Lee Thayer is best known for his acerbic wit, his engaging style, his sense of humor, and for the depth and breadth of his intellectual resources. Accompany those traits with his accomplishments and the work he does in this complex world of ours, and you begin to get an idea of Thayer’s vision for the “thinking, being, and doing” of leadership.
Thayer’s goal is to visualize the ideal, and then to figure out how to get there by starting with the actualities of the present circumstances.
Like some of the rest of us, he wants to leave this world a better place. And he’s doing it – organization by organization. Many say that in his craft he has no peer. His approach is unique (often counter-intuitive) as it is powerful. It is a life-changing experience for those who are fortunate enough to work with him.
Thayer’s work begins with an invitation from an exceptional and exceptionally committed CEO – to partner with that CEO for the purpose of transforming his or her organization to an outstanding level of performance, while learning the kind of leadership required to deserve a great organization. (A high-performance organization is one that does everything it does better than anyone else – and improves upon that every day – giving that organization a sustainable competitive advantage.)
Thayer gets into “the trenches” with those who are going to make it happen, to help them every step of the way. As he says,
It isn’t what you know that creates excellence. Ninety-five percent of it is in the implementation. For that, you need a guide and a mentor – someone who’s been there in all kinds of conditions.
Dr.
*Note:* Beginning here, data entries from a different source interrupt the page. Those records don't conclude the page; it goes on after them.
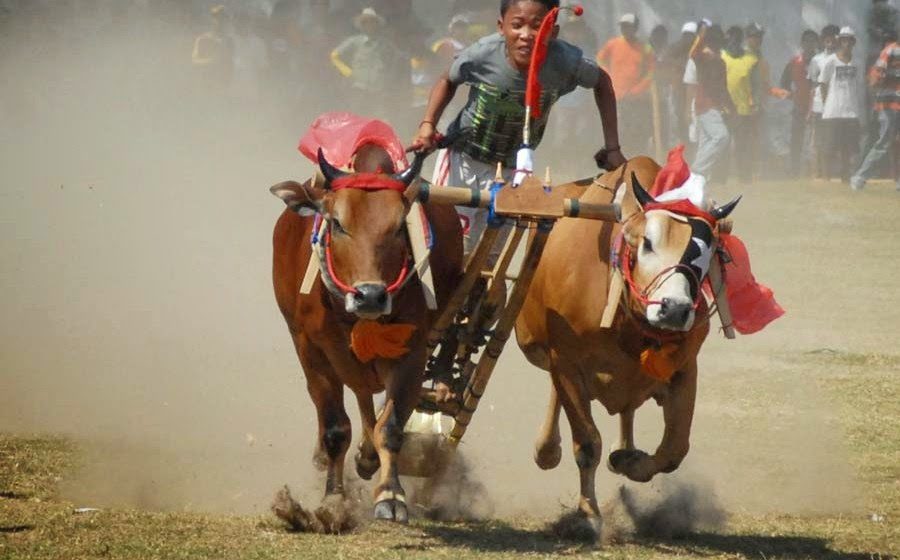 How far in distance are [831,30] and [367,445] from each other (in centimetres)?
1770

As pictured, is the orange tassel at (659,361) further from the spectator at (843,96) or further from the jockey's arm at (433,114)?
the spectator at (843,96)

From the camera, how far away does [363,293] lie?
7152mm

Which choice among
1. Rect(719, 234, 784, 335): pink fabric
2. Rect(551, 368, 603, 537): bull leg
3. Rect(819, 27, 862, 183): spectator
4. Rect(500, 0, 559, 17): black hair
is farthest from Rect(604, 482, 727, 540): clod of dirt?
Rect(819, 27, 862, 183): spectator

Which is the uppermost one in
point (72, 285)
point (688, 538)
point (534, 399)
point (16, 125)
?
point (16, 125)

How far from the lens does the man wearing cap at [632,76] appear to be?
23.4 meters

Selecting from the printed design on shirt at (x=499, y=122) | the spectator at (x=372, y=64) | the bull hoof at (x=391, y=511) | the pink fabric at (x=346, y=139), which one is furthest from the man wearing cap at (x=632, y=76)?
the bull hoof at (x=391, y=511)

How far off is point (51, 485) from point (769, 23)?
18.1 meters

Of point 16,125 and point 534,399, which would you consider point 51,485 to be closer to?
point 534,399

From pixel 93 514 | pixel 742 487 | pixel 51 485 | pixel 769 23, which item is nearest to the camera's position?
pixel 93 514

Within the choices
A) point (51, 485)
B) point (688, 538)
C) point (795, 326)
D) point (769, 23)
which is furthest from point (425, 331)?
point (769, 23)

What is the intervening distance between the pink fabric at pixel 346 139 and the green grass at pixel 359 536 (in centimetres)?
169

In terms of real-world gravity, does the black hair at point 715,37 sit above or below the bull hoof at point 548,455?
above

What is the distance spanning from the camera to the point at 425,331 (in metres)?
7.79

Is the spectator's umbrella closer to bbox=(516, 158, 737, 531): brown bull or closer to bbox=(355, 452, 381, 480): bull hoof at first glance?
bbox=(516, 158, 737, 531): brown bull
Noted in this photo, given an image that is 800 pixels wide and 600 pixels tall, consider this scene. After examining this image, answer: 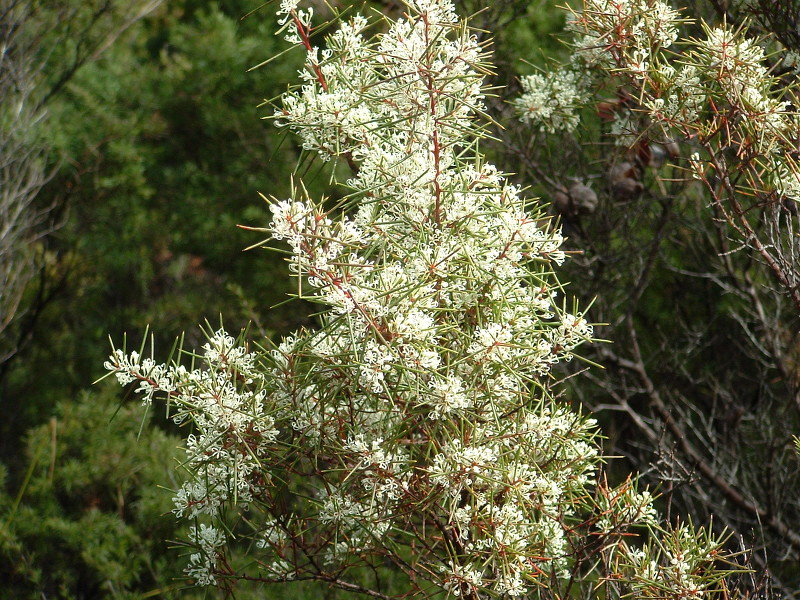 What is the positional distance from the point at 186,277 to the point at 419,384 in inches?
288

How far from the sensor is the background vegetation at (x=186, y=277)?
13.5 ft

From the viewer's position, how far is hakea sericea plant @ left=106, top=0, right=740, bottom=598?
1.82 metres

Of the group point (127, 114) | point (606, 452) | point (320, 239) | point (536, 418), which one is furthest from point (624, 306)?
point (127, 114)

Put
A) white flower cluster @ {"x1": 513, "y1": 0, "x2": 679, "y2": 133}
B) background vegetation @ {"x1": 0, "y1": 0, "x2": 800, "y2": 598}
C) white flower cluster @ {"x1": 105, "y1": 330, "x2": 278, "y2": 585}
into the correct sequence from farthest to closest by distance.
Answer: background vegetation @ {"x1": 0, "y1": 0, "x2": 800, "y2": 598} < white flower cluster @ {"x1": 513, "y1": 0, "x2": 679, "y2": 133} < white flower cluster @ {"x1": 105, "y1": 330, "x2": 278, "y2": 585}

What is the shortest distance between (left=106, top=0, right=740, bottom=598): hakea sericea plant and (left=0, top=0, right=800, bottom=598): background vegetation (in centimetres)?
158

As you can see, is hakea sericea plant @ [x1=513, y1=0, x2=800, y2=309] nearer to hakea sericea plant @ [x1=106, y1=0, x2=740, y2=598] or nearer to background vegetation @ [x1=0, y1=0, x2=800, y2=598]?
background vegetation @ [x1=0, y1=0, x2=800, y2=598]

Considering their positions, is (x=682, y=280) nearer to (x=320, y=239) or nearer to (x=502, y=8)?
(x=502, y=8)

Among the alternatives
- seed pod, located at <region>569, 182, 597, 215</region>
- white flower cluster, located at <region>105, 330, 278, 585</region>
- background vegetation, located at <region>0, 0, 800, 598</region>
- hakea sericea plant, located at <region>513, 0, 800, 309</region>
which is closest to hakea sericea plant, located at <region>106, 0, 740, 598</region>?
white flower cluster, located at <region>105, 330, 278, 585</region>

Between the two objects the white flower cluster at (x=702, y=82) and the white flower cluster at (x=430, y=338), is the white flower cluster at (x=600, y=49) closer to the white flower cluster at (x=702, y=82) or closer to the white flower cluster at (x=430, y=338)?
the white flower cluster at (x=702, y=82)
Thayer’s career as a pioneer and influential innovator in the design and development of high-performance organizations – and in the kind of leadership required of the top executives to achieve that – has spanned more than four decades. It has often been observed that he has rattled more CEO’s cages than anyone else.
Having come from a high-level executive position in industry himself, coupled with his experience as a jazz performer and arranger and his university degrees in the humanities, engineering, and psychology, Dr. Thayer has developed a revolutionary and practical framework for understanding what it takes to lead the way to creating great organizations, expressively in the “how” as much as the “why”. He and his CEO partners often have to invent the pushes and pulls required to achieve the kind of excellence that others can’t figure out how to copy.
Early on in his career, he served as consultant to several of the Fortune 500 and other notable companies, such as IBM, AT&T, Westinghouse, Boeing, Curtiss-Wright, Pratt-Whitney, McDonnell Douglas, Phillips, Shell, General Motors, Sealtest Foods and Hallmark. He has consulted with the U.S. Air Force, the Postal Service, numerous banks and other institutions, universities around the globe, and West Point.
He has consulted behind the now well-known success story at Johnsonville Foods – which Tom Peters referred to as “the most remarkable example of organizational transformation” he had ever seen.
He has taken his extraordinary problem-solving skills to the Scandinavian countries (esp. Finland and Norway), to Australia, to the UK and most European countries, and to Canada, Mexico and China. Today, he limits his work to small to medium-sized organizations where, as he says, the impact is more immediate and measurable.
His other “career,” as a distinguished university professor in major universities both here and abroad (e.g., the Harvard Graduate School of Business, The University of Amsterdam, Queensland University of Technology in Australia, Universidad Complutense in Mexico, etc.) was an ongoing research project he “put up with” for thirty-five years, before “retiring” in 1991 to devote full time to his passion which, as he has described it in interviews, is
…to help committed CEO’s and other top executives transform themselves into leaders and their organizations into healthier, more vigorous and more adaptive high-performance organizations.
Doing so, many have observed, has brought life back into those organizations, and has lifted the quality of life of its employees, both at work and at home.